ASSIGNED TASK: Would you retype exactly the lines from the one holding "Performance Trail Running" through the last line of the listing, and only those, without pictures?

DATA SEGMENT:
______________________________

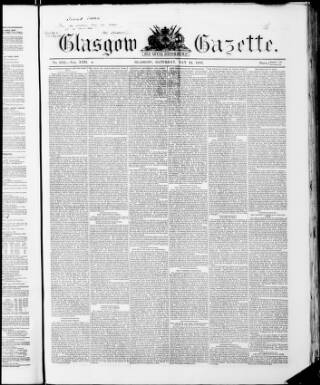 cover page of Glasgow Gazette published on May 22, 1858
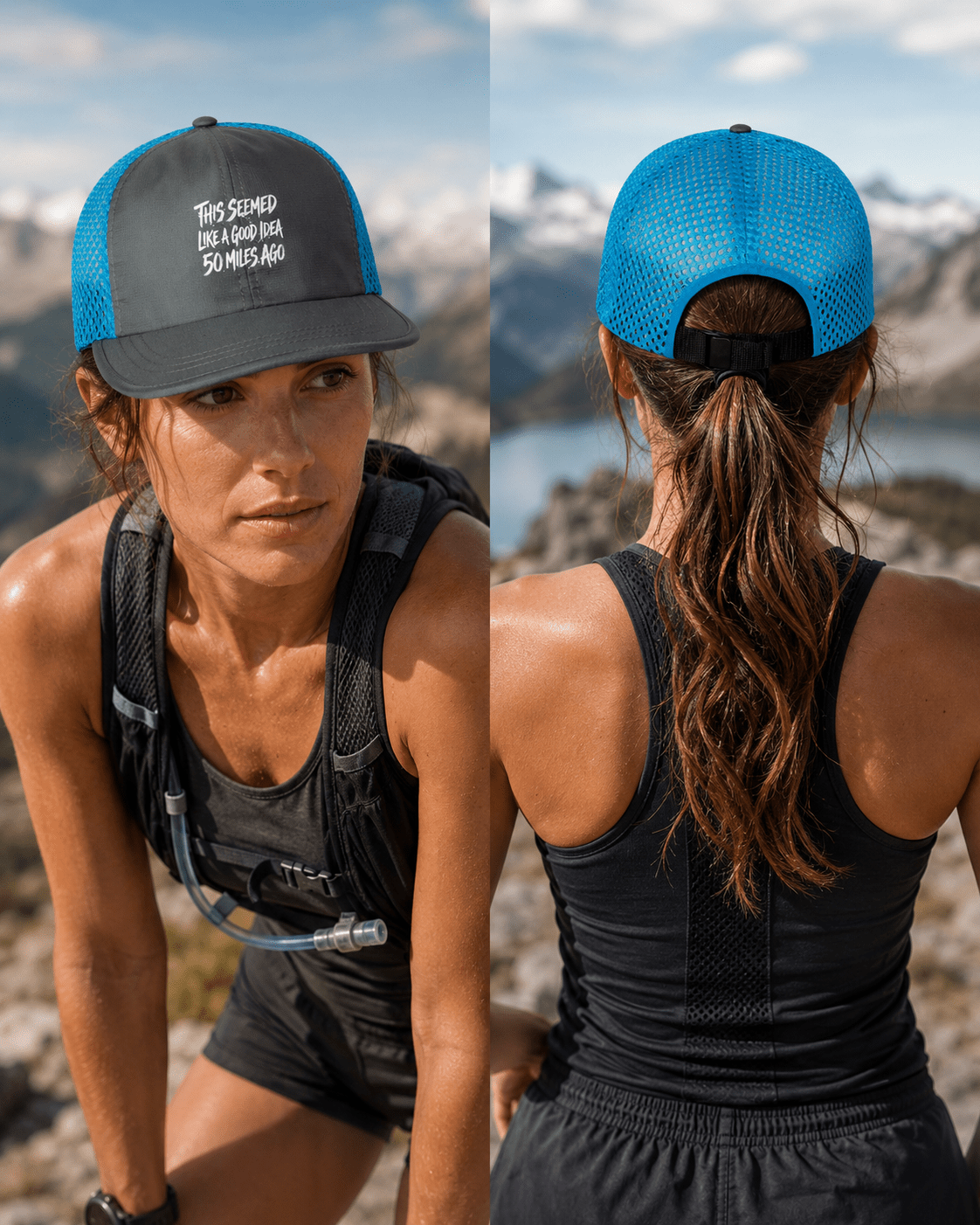 Performance Trail Running Hat - Charcoal/ Cyan - Sloth & Duck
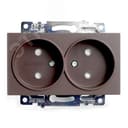 Розетка двухместная с защитной шторкой (механизм) б/з, 250В, 10А, серия Катрин, шоколад Stekker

______________________________

SOLUTION TO THIS PROBLEM:
 Performance Trail Running Hat - Charcoal/ Cyan - Sloth & Duck
 Розетка двухместная с защитной шторкой (механизм) б/з, 250В, 10А, серия Катрин, шоколад Stekker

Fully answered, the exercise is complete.